**Your objective**:
Make an exact copy, from the records below, of the lines from the line containing "Tapa de De Rome à Paris" to the line containing "Pasta Boiling 1/2 Module with Cabinet - 2", both lines included, excluding pictures.

**Extracted material**:
------------------------------------------------

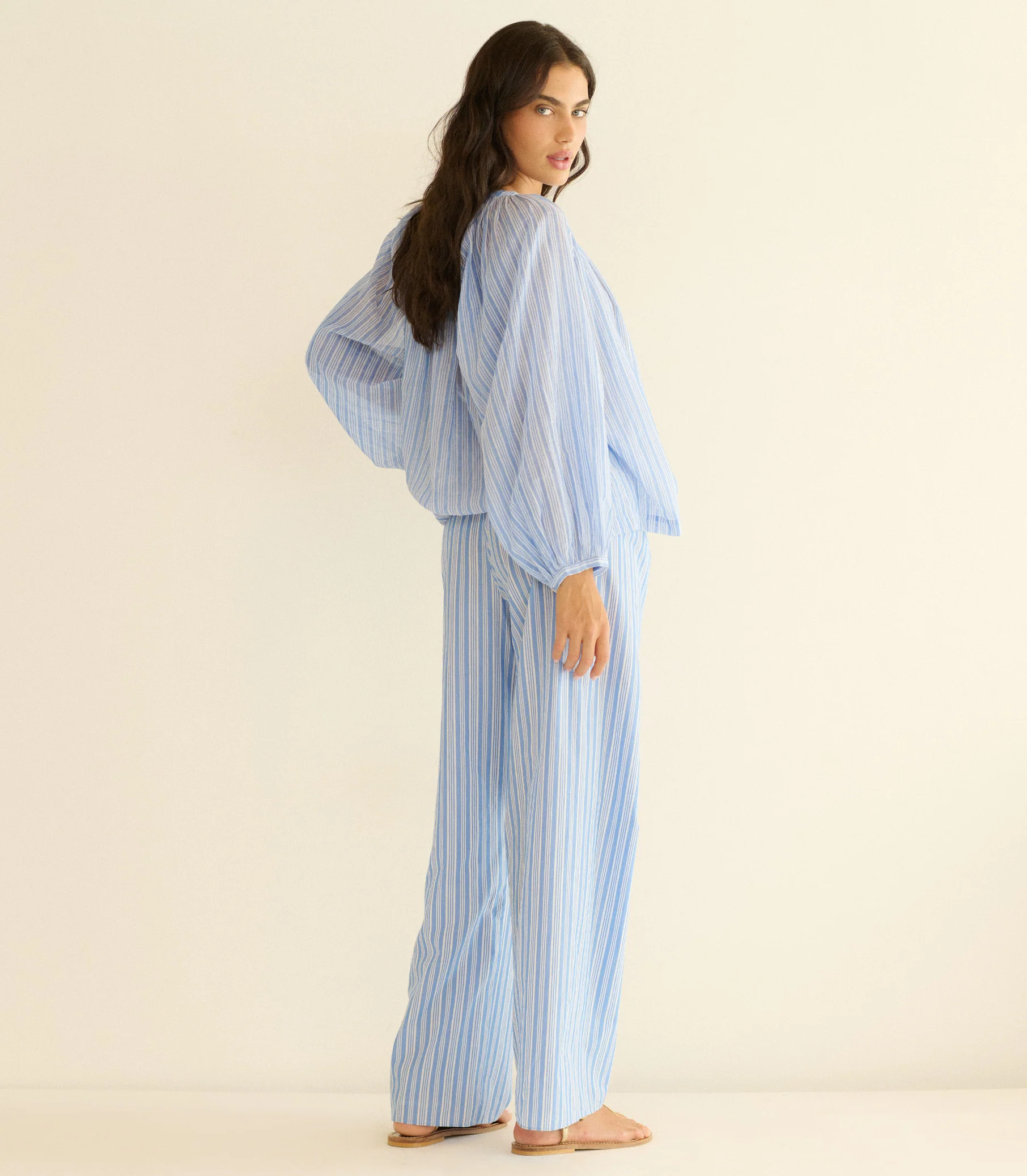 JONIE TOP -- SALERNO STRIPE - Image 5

------------------------------------------------

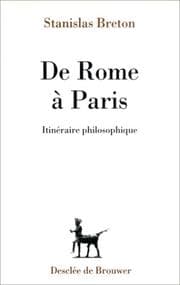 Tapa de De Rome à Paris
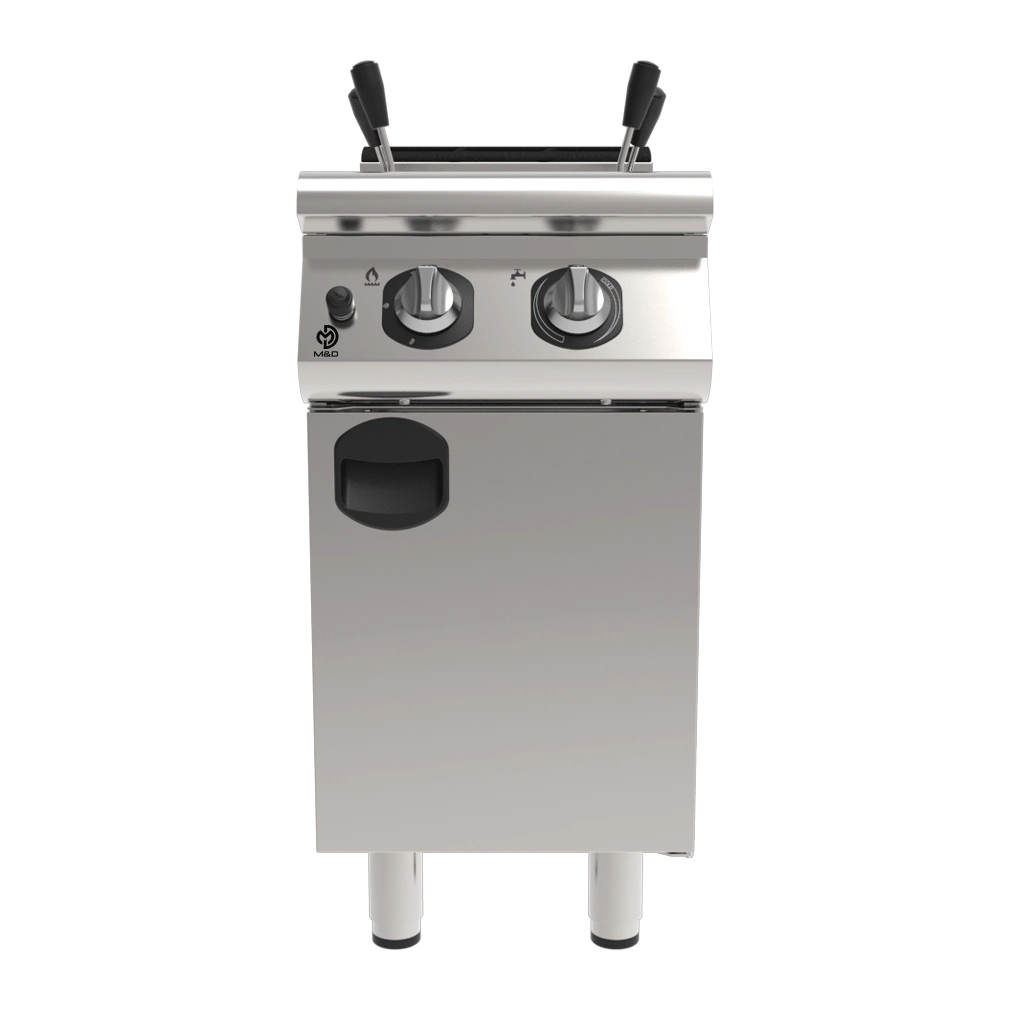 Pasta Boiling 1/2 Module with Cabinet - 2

------------------------------------------------

**Output for this exercise**:
 Tapa de De Rome à Paris
 Pasta Boiling 1/2 Module with Cabinet - 2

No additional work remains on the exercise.